ACS – Que temas lhe provocam mais, e por que eles te atraem mais?
Aranda – Eu gosto muito de biografia, de contar histórias. Sou uma contadora de histórias e gosto de ouvir histórias. Gosto de contar história de vida, de amor, da pessoa. As Narrativas, por exemplo, foram várias escolhas. A gente sabe, a gente conhece as pessoas, as histórias. Eu sou muito do documentário, de biografia, de conhecer a história das pessoas, de honrar a sua história. Tem histórias tão inspiradoras por aí, gosto de trazer vida para essas histórias.
ACS – No curta, Toinha diz gostar do fabrico do azeite de dendê, que é uma atividade bem mais árdua que o preparo do acarajé, diz se identificar mais com essa fase do trabalho. Na sua atividade profissional, de qual fase do trabalho você gosta mais, ou com qual delas você se identifica mais?

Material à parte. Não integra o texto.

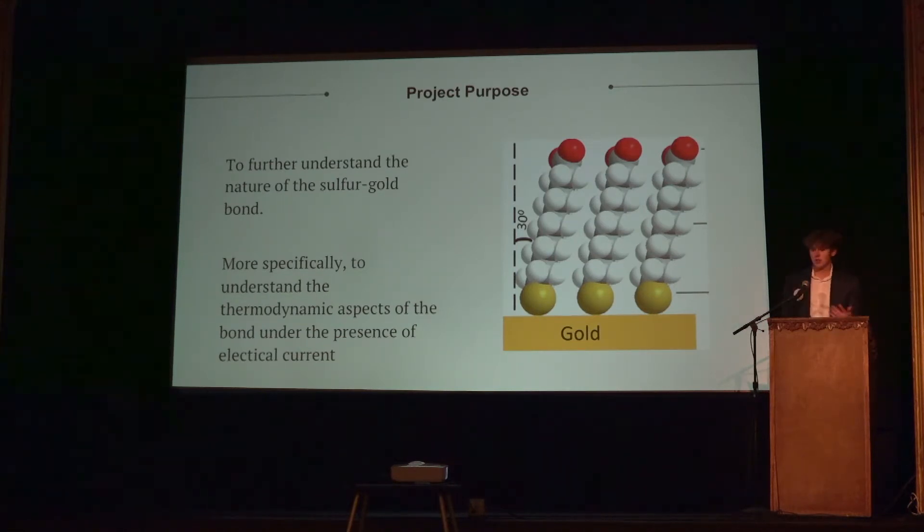Specifically, my goal was to understand how this bond works or how it changes under the presence of electrical current. The way to determine that was to run various voltages through the sample and monitor the variation in resistance, and that can tell you what's happening at the surface.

Aranda – Eu gosto muito de produzir, dessa coisa do campo, de articular com as pessoas, que tem a ver com as minhas habilidades, essa articulação. Eu sou orgânica, intelectual orgânica, eu gosto do contato com as pessoas e de respeitar o que está ali no jogo. Agora, eu sou apaixonada por roteiro, posso te dizer que roteiro é algo que me encanta, por isso que sempre meto o bedelho. E tem hora que estou no roteiro, tem hora que estou na direção. Como a gente trabalha bem, a gente vai metendo o bedelho no trabalho um do outro. Não tem cricri, a gente fala. E a gente está produzindo, dirigindo, entrevistando. É mais esses processos cooperativos. A gente em Serra trabalha muito com esse novo mundo que a gente quer ver.